Masonite Essentials

White Page

Outline ORM White Paper

  • Query Builder

  • Model

  • Schema

  • Grammar class

  • Relationships

This project is not currently in Masonite but is in development. This article is designed to be a learning document to aid in those who wish to contribute to the project. This article will be updated when concepts are added to the ORM project or when concepts change. It is still a young project so concepts may change but the basic foundation is in place and the foundation you read here likely will not change. You can contribute to the project at the Masonite ORM Repo

The Flow

I will discuss the flow at a high level first and then can talk about each part separarely.

First, almost everything starts with a model You can use the underlying query builder directly You will import the model into your application and run some methods on it. Most of these methods simply return a instance of a query builder to kick off the flow.

For example,

user = User
user #== <class User>
user.where('id', 1) #== <masonite.orm.Querybuilder object>

Since it returns a query builder we can simply build up this class and chain on a whole bunch of methods:

user.where('id', 1).where('active', 1) #== <masonite.orm.Querybuilder object>

Finally when we are done building a query we will call a .get():

user.select('id').where('id', 1).where('active', 1).get() #== <masonite.orm.Collection object>

When you call get, the query builder will pass everything you built up (1 select, 2 where statements) and pass those into a grammar class. The grammar class is responsible for looping through the 3 statements and compiling them into a query that will run (both sql and qmark). So the grammar class will compile a query that looks like this:

SELECT `id` FROM `users` WHERE `id` = '1' AND `active` = 1

Once we get the query we can then pass the query into the connection class which will connect to the MySQL database to send the query.

We will then get back a dictionary from the query and "hydrate" the original model. When you hydrate a model it simply means we set the dictionary result into the model so when we access something like user.name we will get the name of the user. Think of it as loading the dictionary into the class to be used later during accession and setting.

Grammar Classes

Grammar classes are classes which are responsible for the compiling of attributes into a SQL statement. The SQL statement will then be given back to whatever called it (like the QueryBuilder class) and then passed to the connection class to make the database call and return the result. Again the grammar class is only responsible for compiling the query into a string. Simply taking attributes passed to it and looping through them and compiling them into a query.

The grammar class will be responsible for both SQL and Qmark. SQL looks like this:

SELECT * FROM `users` where `age` = '18'

Qmark is this:

SELECT * FROM `users` where `age` = '?'

Qmark queries will then be passed off to the connection class with a tuple of bindings like (18,). This helps protect against SQL injection attacks. All queries passed to the connection class should be the qmark query. Compiling SQL is really for debugging purposes while developing. Passing straight SQL into the connection class could leave queries open to SQL injection.
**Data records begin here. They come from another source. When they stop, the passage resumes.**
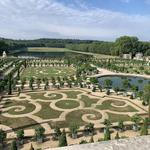 Palace of Versailles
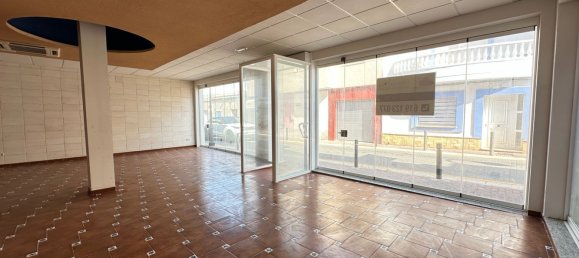 279m² Commercial property in Cartagena, Spain No. 153008 2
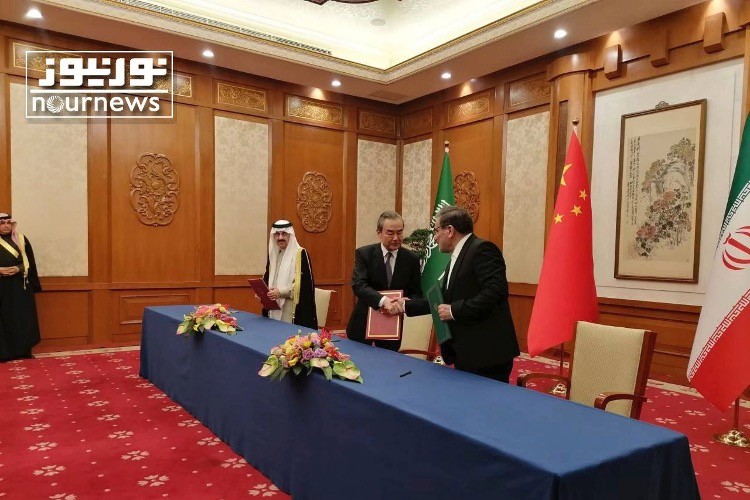 China Brokers Deal Between Iran and Saudi Arabia. What’s Next?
Any values should be able to be qmarked. This is done inside the grammar class by replacing the value with a '?' and then adding the value to the bindings. The grammar class knows it should be qmarked by passing the qmark boolean variable throughout the grammar class.

The grammar class is also really an abstraction as well. All the heavy lifting is done inside the BaseGrammar class. Child classes (like MySQLGrammar and PostgresGrammar, etc) really just contain the formatting of the sql strings.

Almost all SQL is bascially the same but with slightly different formats or placements for where some syntax goes. This is why this structure is so powerful and easy to expand or fix later on.

For example, MySQL has this format for select statements with a limit:

SELECT * from `users` LIMIT 1

But Microsoft SQL Server has this:

SELECT TOP 1 * from `users`

Notice the SQL is bascially the same but the limiting statement is in a different spot in the SQL.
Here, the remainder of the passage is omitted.